__What you have to do__.
Only the lines of the data below from the one with "Patriot Nursing Crewneck" through the one with "เครื่องบันทึกกล้องหลังรถยนต์ V100 หน้าจอสัมผัส" are wanted. Repeat them exactly.

__Data listing__.
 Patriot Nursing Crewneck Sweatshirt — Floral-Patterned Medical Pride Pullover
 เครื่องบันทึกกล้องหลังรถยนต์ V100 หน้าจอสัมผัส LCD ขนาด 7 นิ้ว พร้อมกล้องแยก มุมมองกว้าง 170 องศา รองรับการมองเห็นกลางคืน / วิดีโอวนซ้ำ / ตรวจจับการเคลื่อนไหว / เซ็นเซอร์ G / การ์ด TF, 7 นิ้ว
--
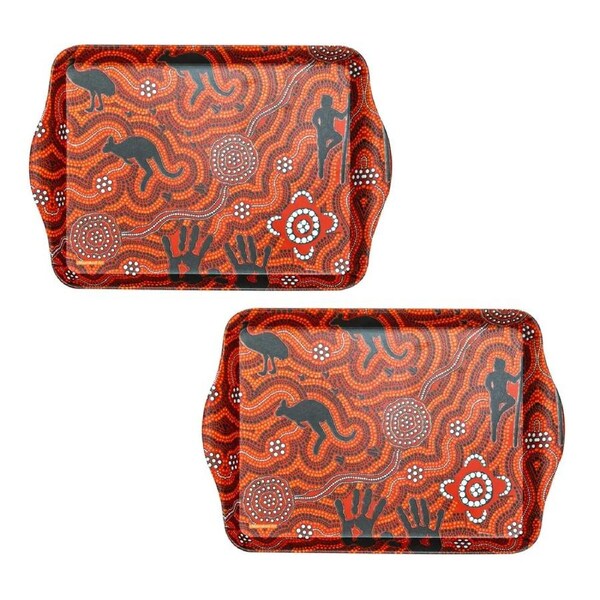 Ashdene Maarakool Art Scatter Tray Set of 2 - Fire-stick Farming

__Written response__.
 Patriot Nursing Crewneck Sweatshirt — Floral-Patterned Medical Pride Pullover
 เครื่องบันทึกกล้องหลังรถยนต์ V100 หน้าจอสัมผัส LCD ขนาด 7 นิ้ว พร้อมกล้องแยก มุมมองกว้าง 170 องศา รองรับการมองเห็นกลางคืน / วิดีโอวนซ้ำ / ตรวจจับการเคลื่อนไหว / เซ็นเซอร์ G / การ์ด TF, 7 นิ้ว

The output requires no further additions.